Aim of the task:
The whole listing below is to be copied exactly, with every picture left out.
Top of Data extract
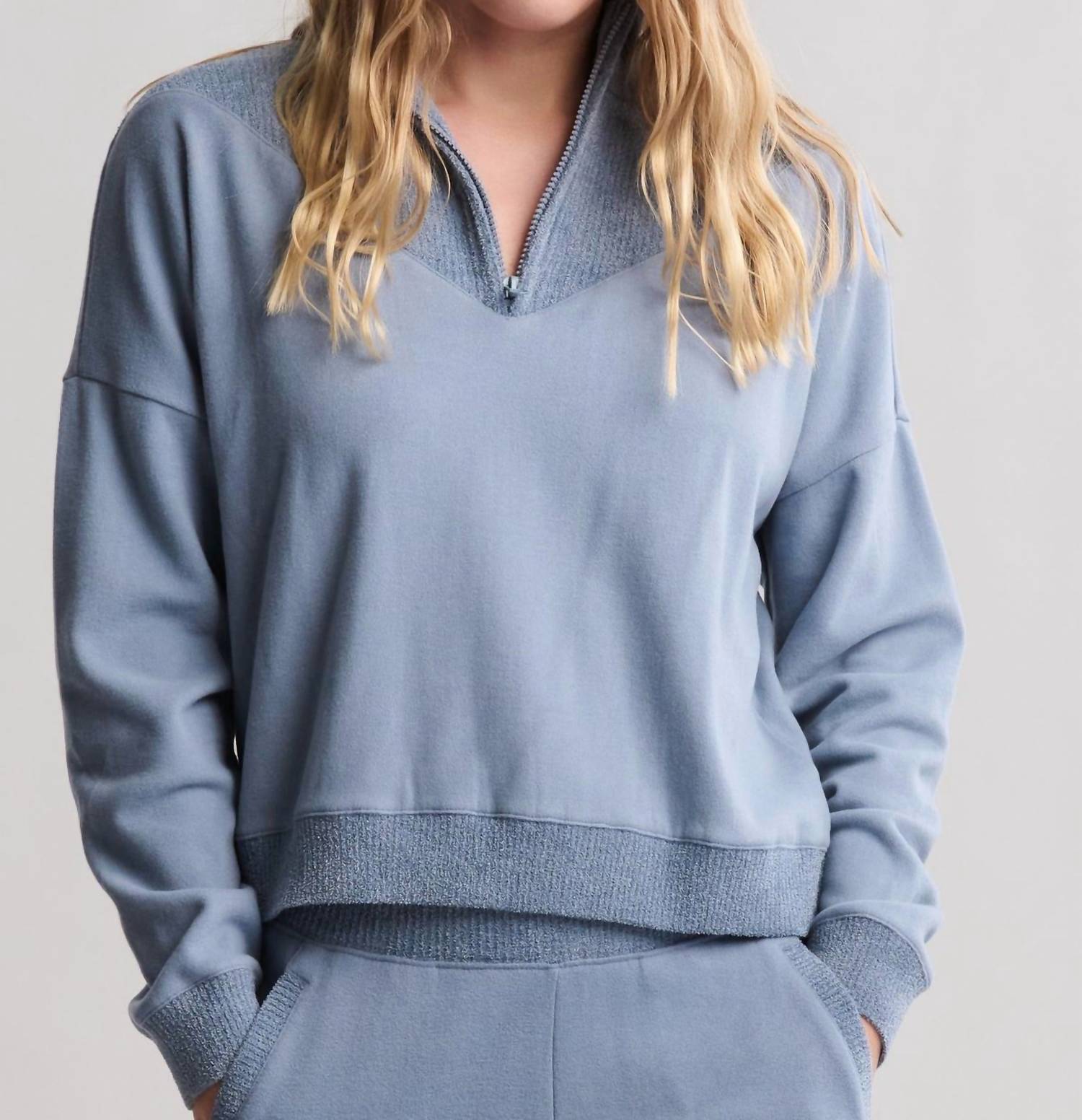 BAREFOOT DREAMS Brushed Fleece With Cozychic Ultra Lite Rib Half Zip Pullover in blue dusk - women's top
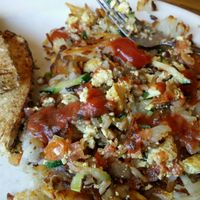 hash browns with tofu scramble  at Village Smithy in Carbondale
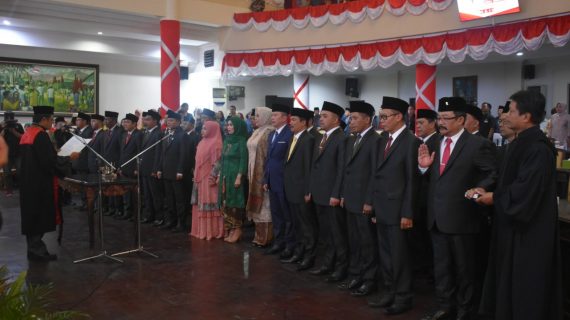 Kapolres Batu bersama Dandim dan Forkompimda , hadiri pelantikan anggota DPRD Kota Batu periode 2019 – 2024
Bottom of Data extract
Exercise response:
 BAREFOOT DREAMS Brushed Fleece With Cozychic Ultra Lite Rib Half Zip Pullover in blue dusk - women's top
 hash browns with tofu scramble  at Village Smithy in Carbondale
 Kapolres Batu bersama Dandim dan Forkompimda , hadiri pelantikan anggota DPRD Kota Batu periode 2019 – 2024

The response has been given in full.